2 pointsby dorianzheng4 hours ago3 comments
  • longtermop4 hours ago
    The microservices framing resonates but surfaces an interesting security question. In your orchestration example:

      research = await research_agent.call("Find Q3 earnings...")
      analysis = await doc_agent.call(f"Analyze this data: {research}")
    
    When one agent's output flows directly into another's input, you've created an implicit trust boundary. What happens if the research skill fetches data from a compromised source that includes adversarial instructions? The doc_agent receives {research} as trusted input but it's actually attacker-controlled content.

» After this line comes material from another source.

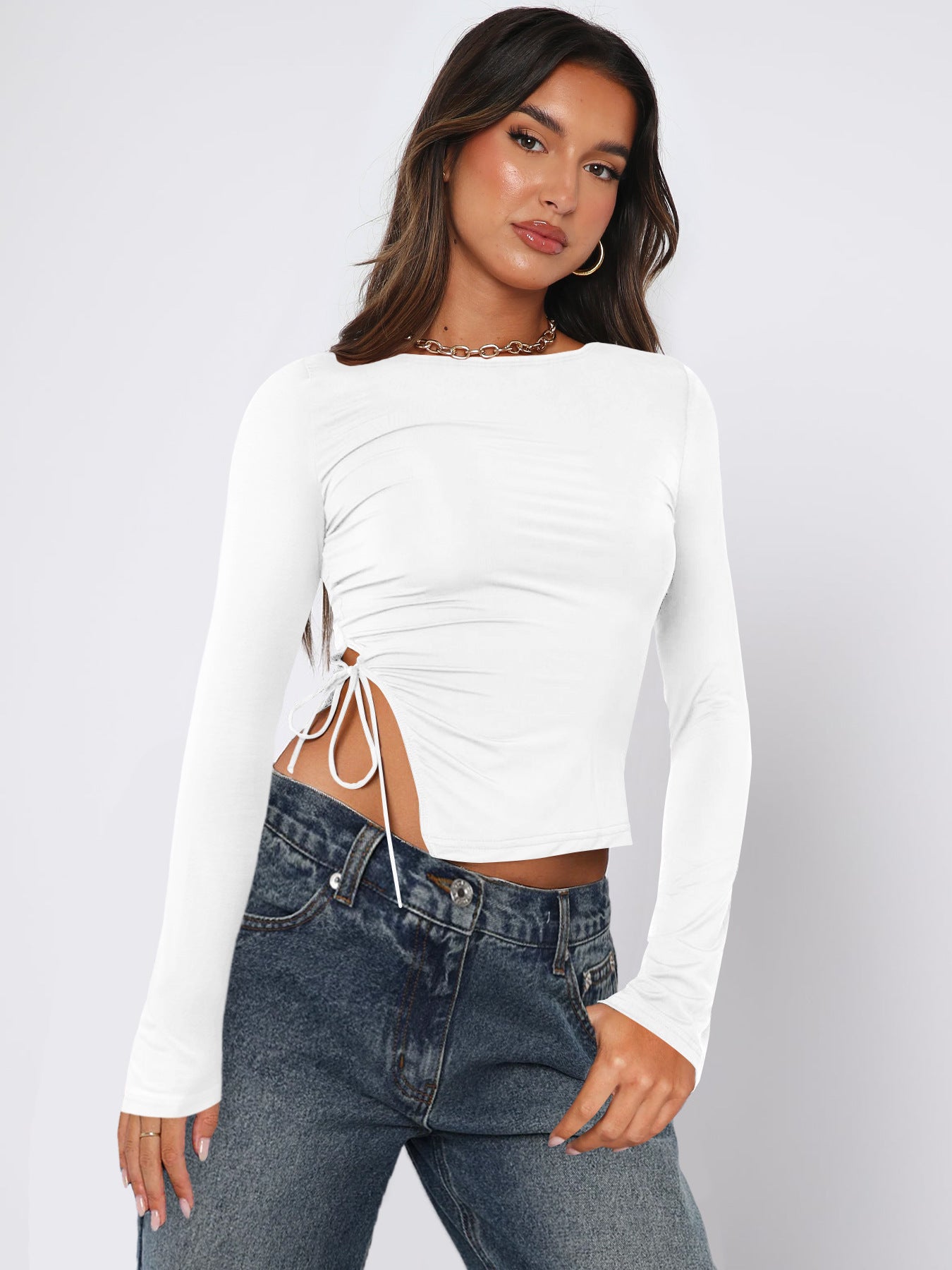 Women's Drawstring Off-shoulder Top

    Skills that touch external systems (web scrapers, API clients, document parsers) become injection surfaces. This is analogous to the microservices problem of validating input at service boundaries, but harder because the "input" here is natural language that gets interpreted, not just parsed.

    Curious how boxlite handles sanitization between skill invocations. Is there a recommended pattern for treating inter-agent data as untrusted, or does the micro-VM isolation handle this by containing blast radius rather than preventing injection?

    (Working on related problems at Aeris PromptShield - this is genuinely one of the trickier aspects of composable agent architectures.)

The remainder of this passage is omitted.